Transcribe the data that follows without changing a word, and omit the pictures.
___ Collected data
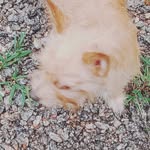 Neal Blankenship - @nealofblank - Instagram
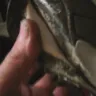 Nike - football shoes soles falling off after 1 week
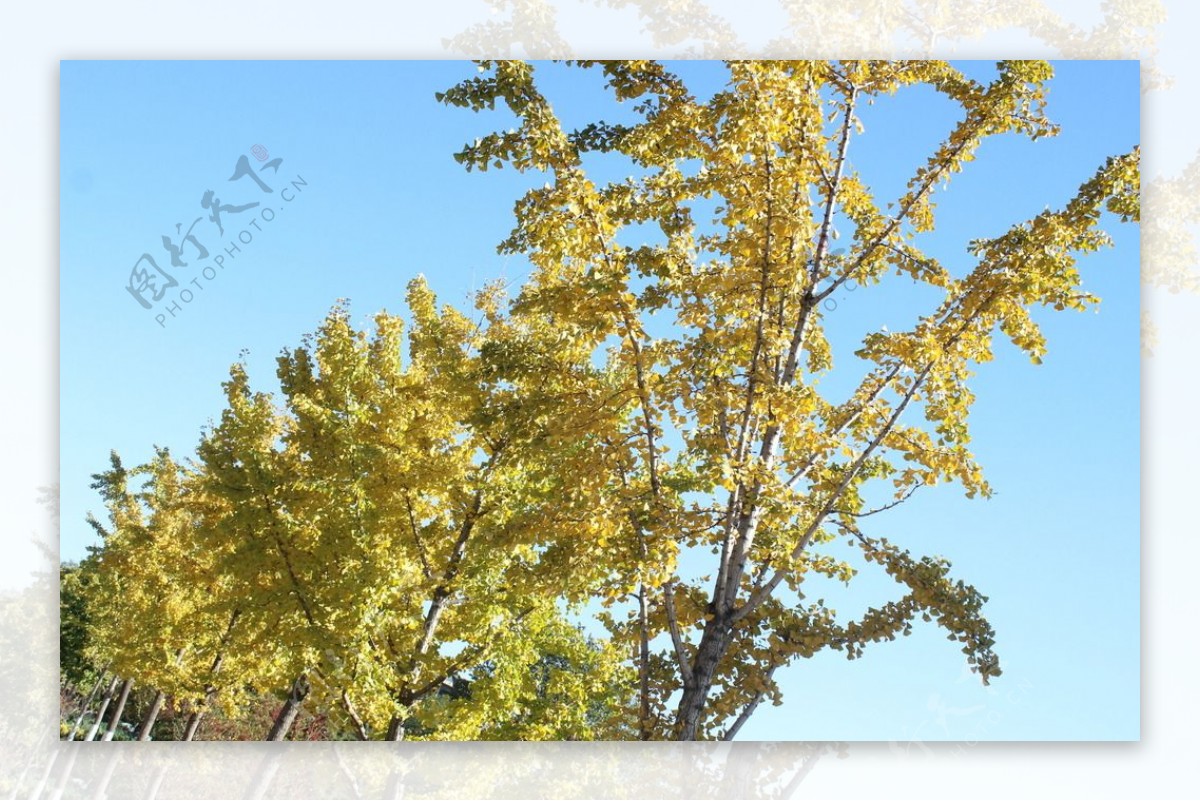 黄叶树图片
______
#### Written solution:
 Neal Blankenship - @nealofblank - Instagram
 Nike - football shoes soles falling off after 1 week
 黄叶树图片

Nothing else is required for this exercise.